All data in SlateDB is stored sorted by key. The in-memory MemTable uses a skip list that maintains key order, and on-disk SSTables store keys in sorted order within blocks. This sorted structure enables:

  • Efficient range scans: Iterating over a key range (e.g., all keys starting with user:123:) requires no random access—just sequential reads through sorted data.
  • Binary search: Point lookups use binary search to find the right SSTable and block, achieving O(log n) complexity instead of scanning all data.

Within each SST block, SlateDB uses prefix compression: keys that share a common prefix with the first key in the block store only their unique suffix. For example, if a block contains:

user:123:profile
user:123:settings
user:123:preferences

The common prefix user:123: is stored once, and subsequent keys store only settings, preferences, etc. This means keys with shared prefixes compress better and use less storage. It also means that there is less of a storage penalty for repeated key prefixes.

SlateDB caches SST blocks in memory. Each block contains multiple adjacent keys. When you read one key, the entire block is cached—subsequent reads for nearby keys (in sort order) are served from cache without hitting object storage.

Implication: Keys that are accessed together should be close together in sort order. This is why hierarchical key designs (like tenant:user:resource) work well—related data shares prefixes and lands in the same blocks.

SlateDB currently supports only forward (ascending) iteration. If your access pattern requires descending order (e.g., “most recent first”), you must encode keys to sort in reverse order. See the Descending Order pattern below.

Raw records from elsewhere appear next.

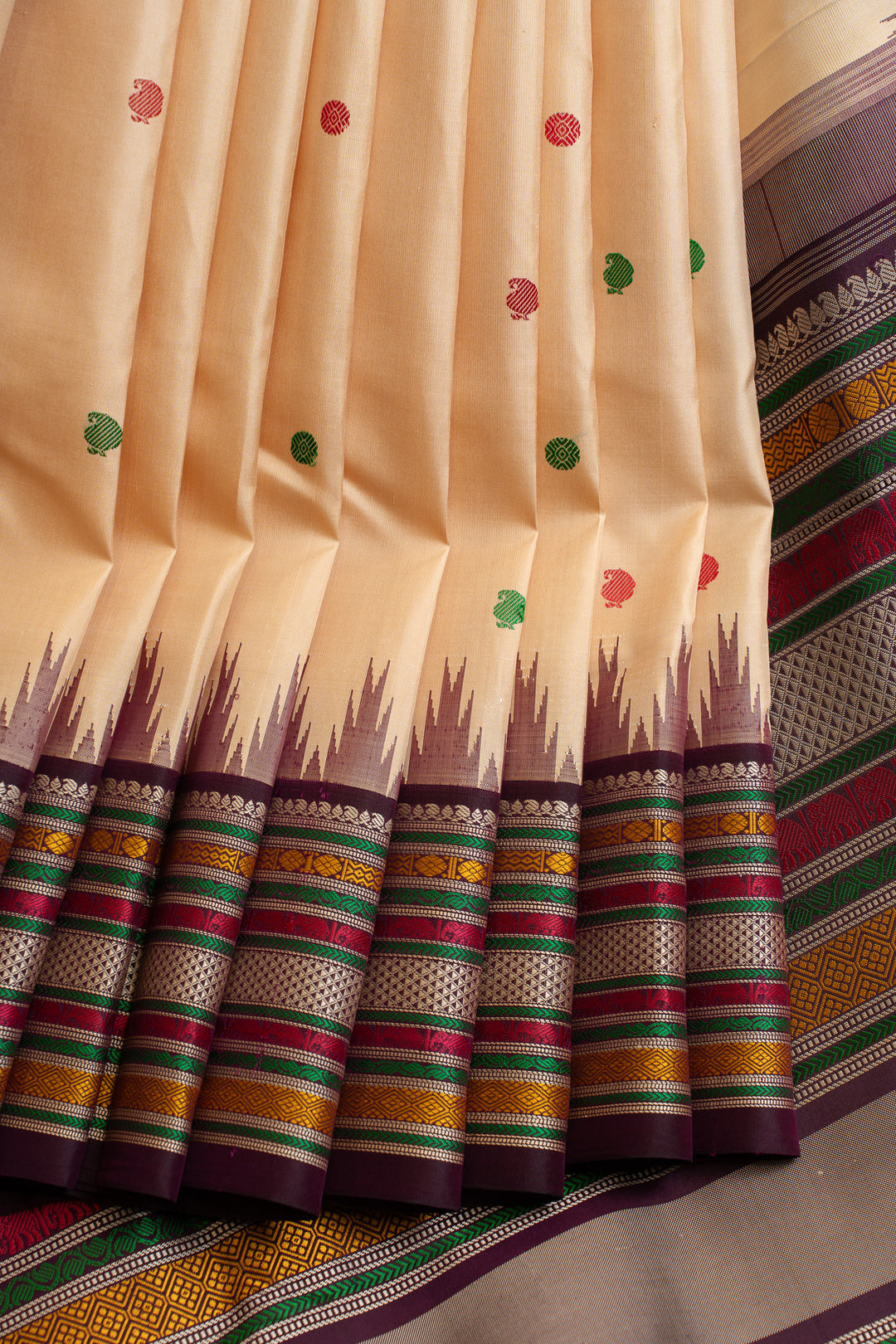 Beige and jamun threadwork pure Kanchipuram silk saree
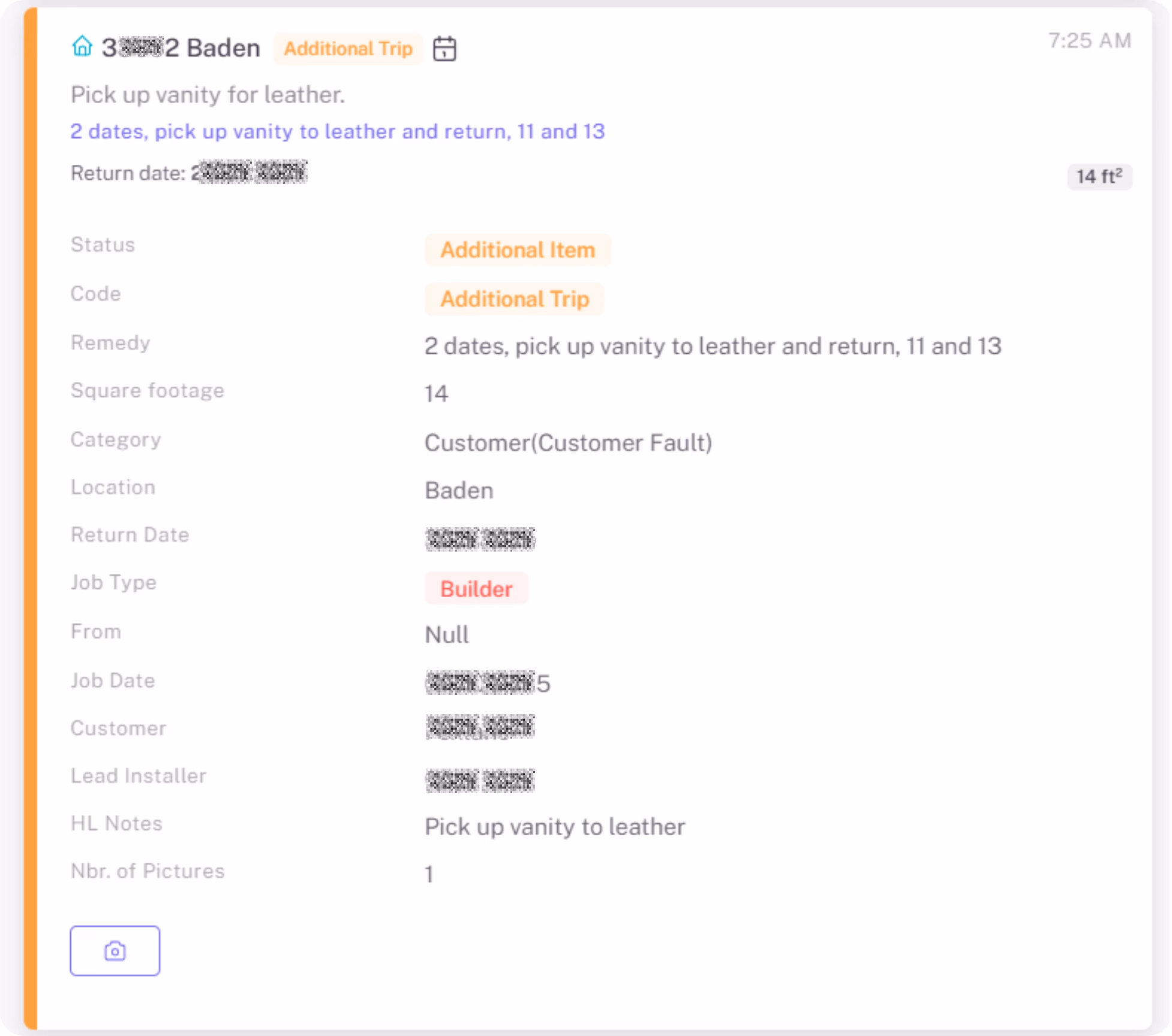 LATO AI Armina Stone service ticket detail view showing job information, status, remedy, customer data, and installer notes for construction reporting automation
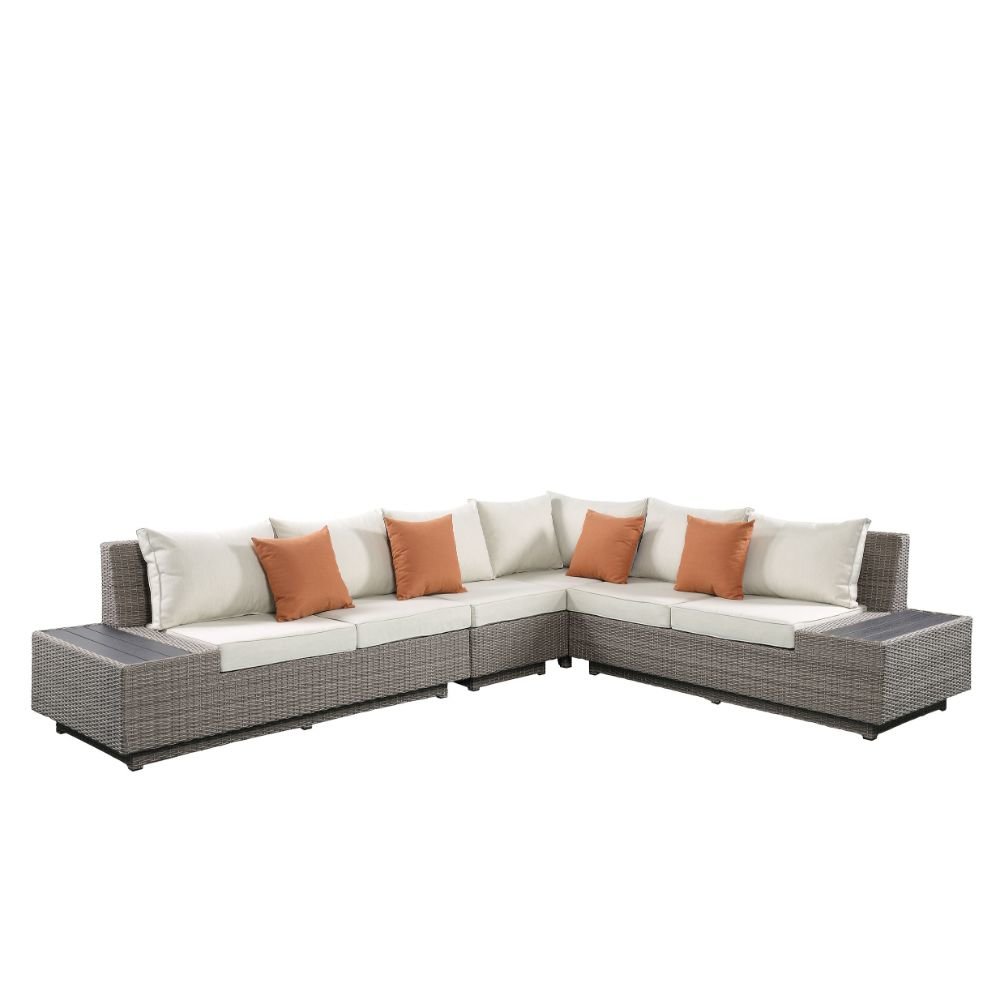 Salena Patio Sectional Sofa w/4 Pillows & Coffee Table Beige Fabric & Gray Wicke. Picture 2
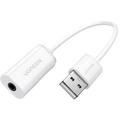 Ugreen US206 USB-A til 3.5mm lydadapter - hvit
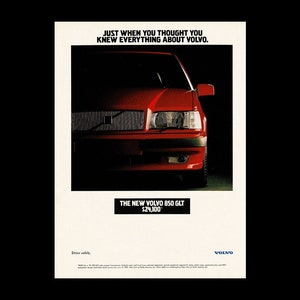 Anuncio original de revista del Volvo 850 GLT de 1993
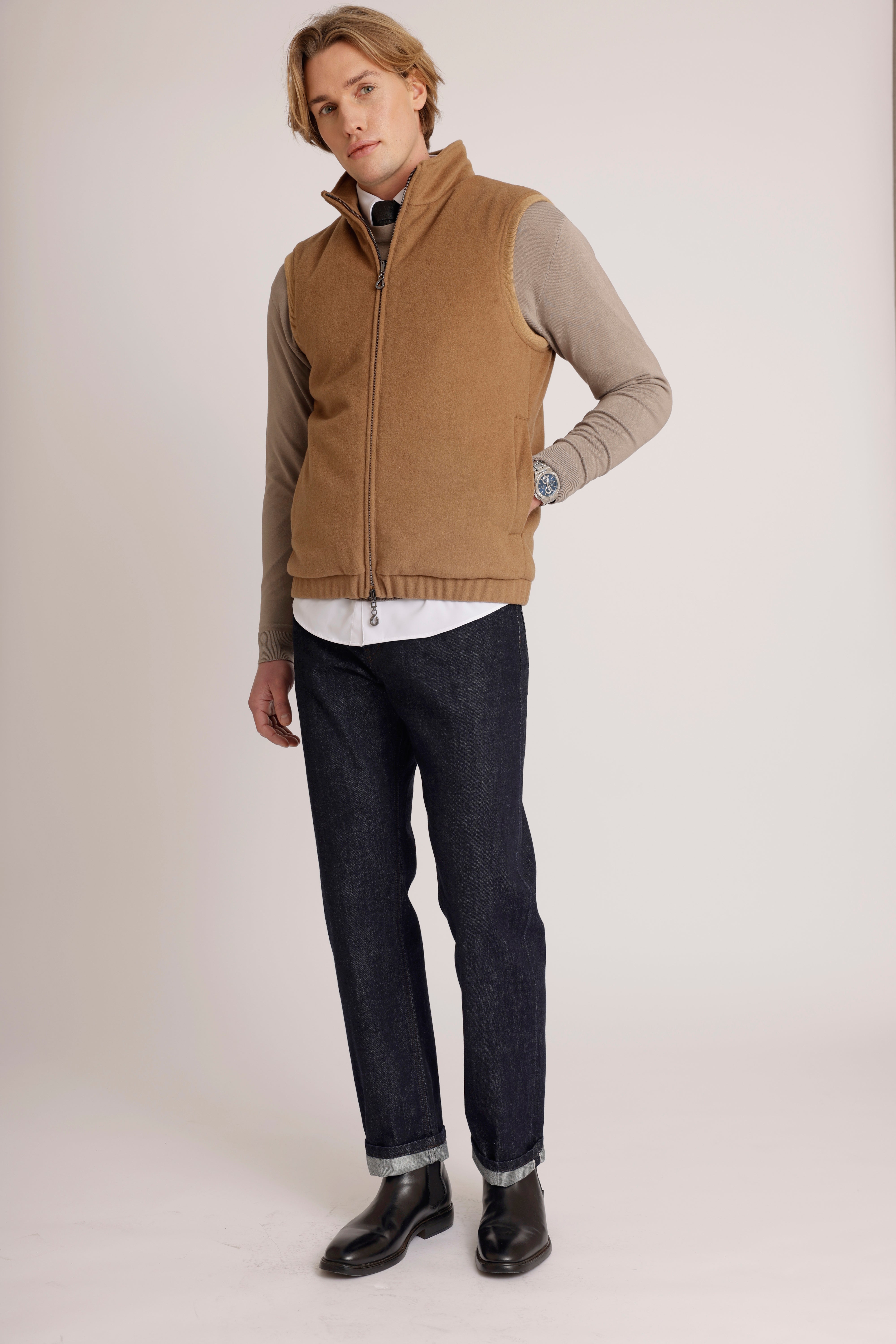 Wool Bodywarmer Jacket  | Beige Wool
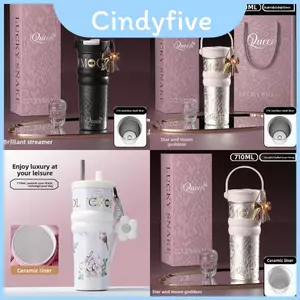 Cốc cà phê uống đôi bằng gốm có tay cầm và ống hút dùng cho văn phòng và gia đình
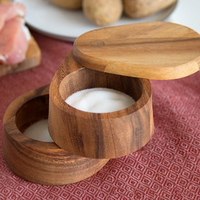 Boîte de rangement en bois pour épices, double couche, avec salière rotative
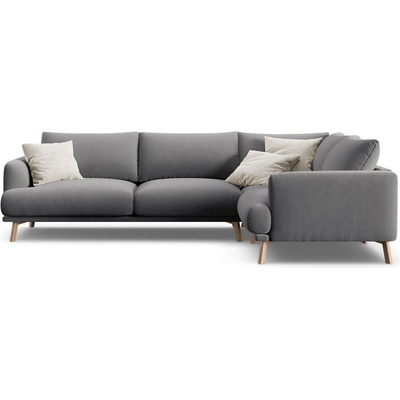 Micadoni Сив кадифен ъглов диван (десен ъгъл/L форма) Naomi - Micadoni (MIC_RC_L_44_F1_NAOMI4)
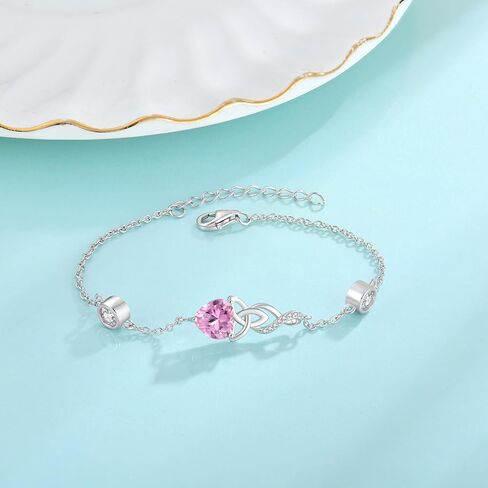 Infinity Celtic Knot Bracelet 925 Sterling Silver Birthstone Bracelet Irish Jewelry Gifts for Women in Saudi Arabia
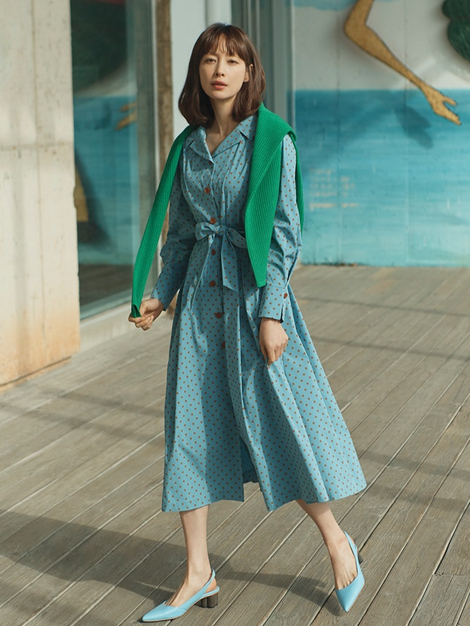  지스튜디오 이나영 봄 도트무늬 코튼 원피스 / 디자이너 지춘희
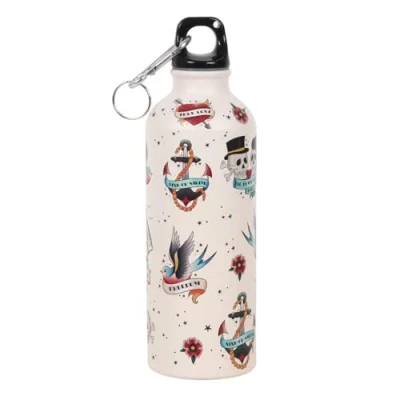 Image of Sleek Multicolor Aluminium Tattoo Print Water Bottle 21cm x 6.5cm Eco Friendly &amp; Durable, Standout Design Perfect for Everyday Use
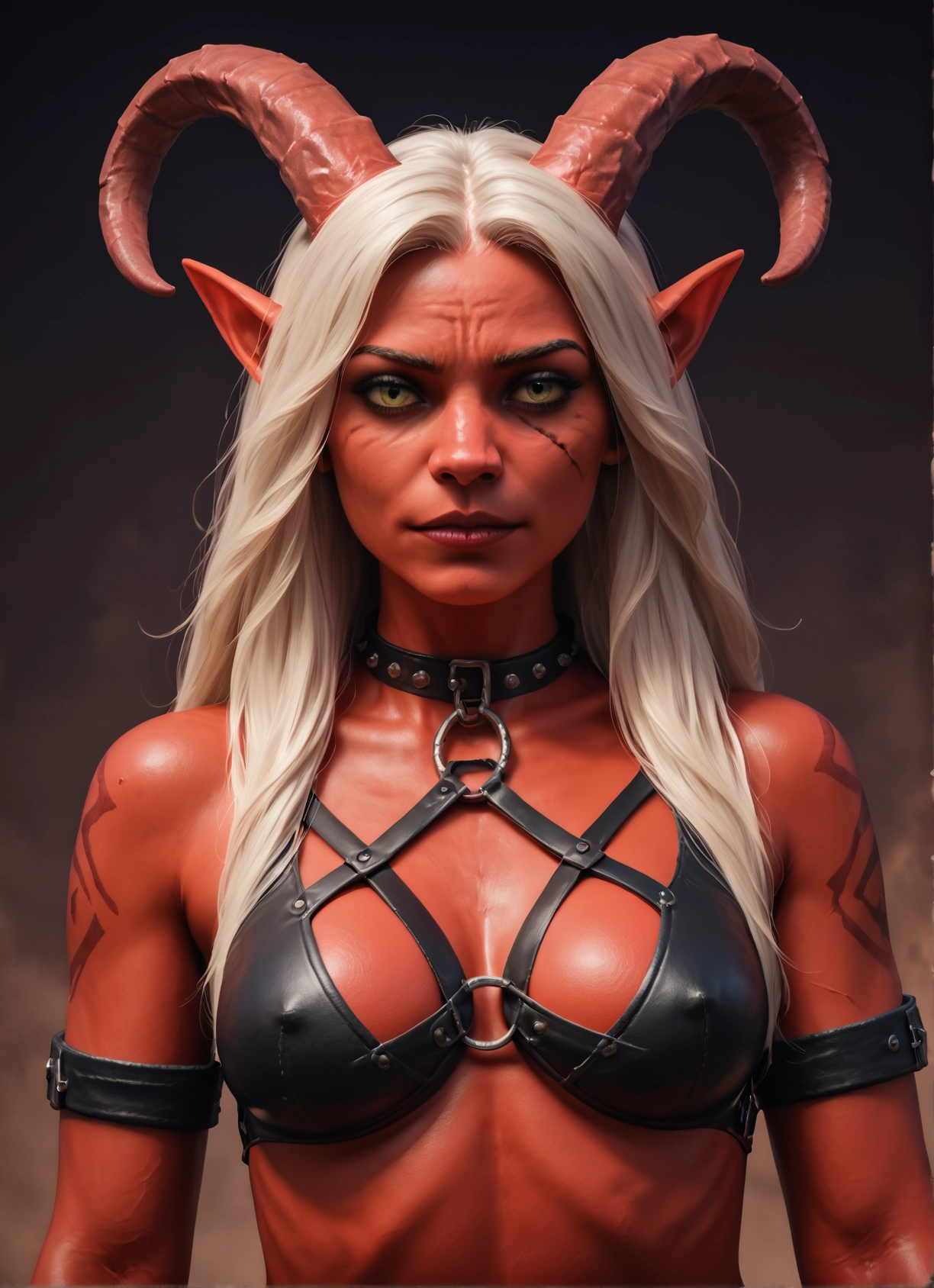 1girl, solo, horns, breasts, pointy ears, long hair · Yamete.gg
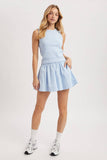 KNIT TANK AND WOVEN SKIRT SET / WL25-12024: SKY / S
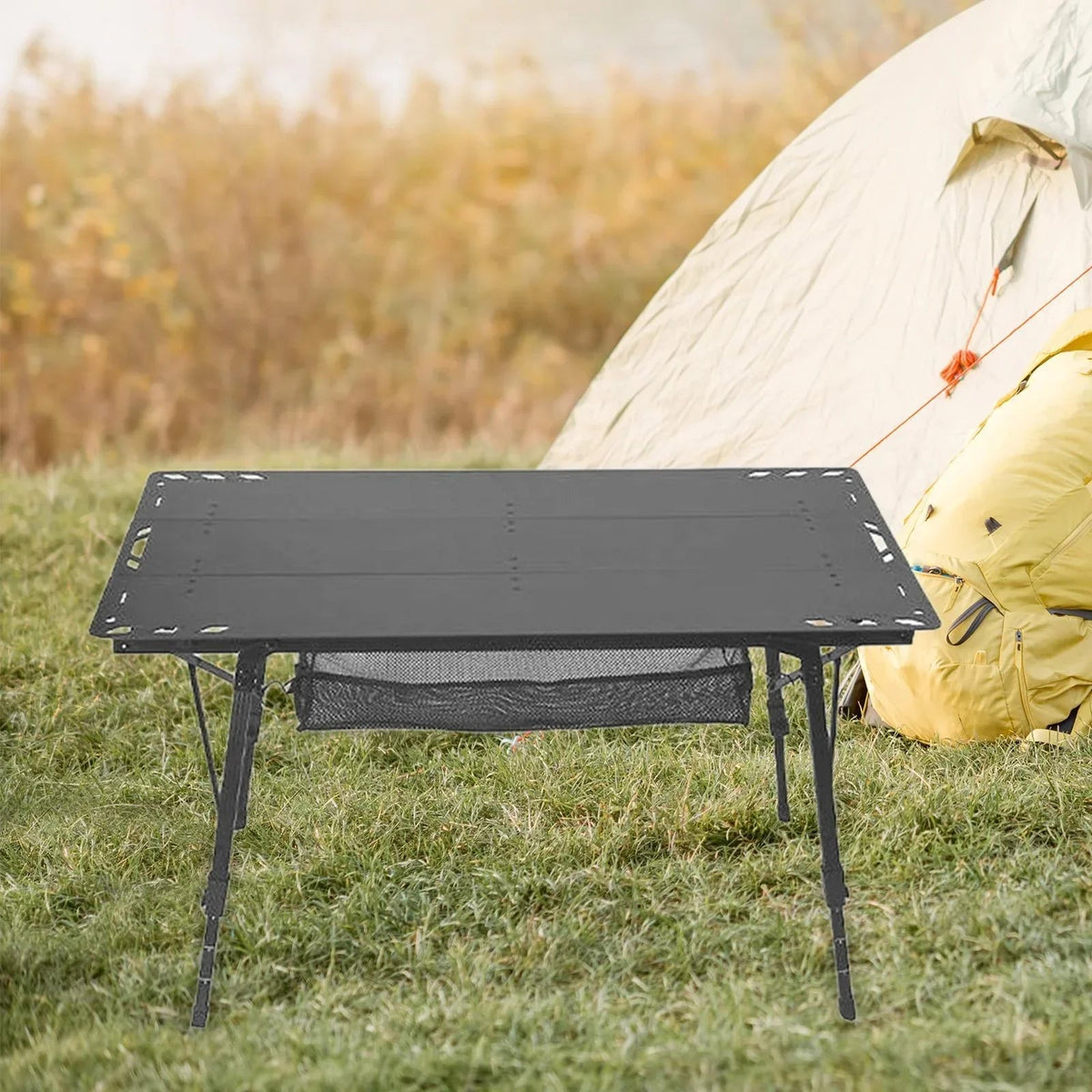 Miulika Folding Camping Table, Aluminum Alloy And PP, 103cm x 55cm, Adjustable Height 45cm-67cm - Black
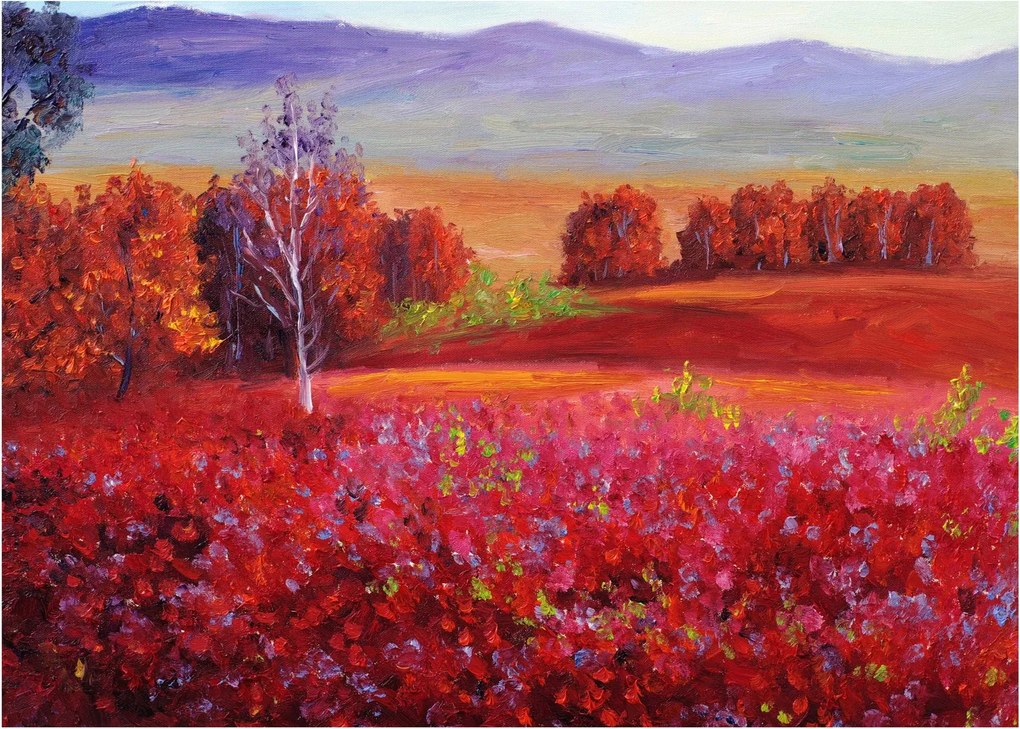 Obraz červenej krajiny (70x50 cm)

Use big-endian (network byte order) encoding. The most significant byte comes first, which ensures correct lexicographic ordering.

// Encoding a u64
let value: u64 = 42;
let encoded = value.to_be_bytes();
// Result: [0x00, 0x00, 0x00, 0x00, 0x00, 0x00, 0x00, 0x2A]

For signed integers, big-endian encoding alone doesn’t work because negative numbers have their sign bit set, making them appear “larger” than positive numbers in byte comparison.

The solution is to flip the sign bit (XOR the most significant byte with 0x80):

fn encode_i64(value: i64) -> [u8; 8] {
let mut bytes = value.to_be_bytes();
bytes[0] ^= 0x80; // Flip sign bit
bytes
}

This transforms the two’s complement representation into an unsigned-comparable form where negative numbers sort before positive numbers.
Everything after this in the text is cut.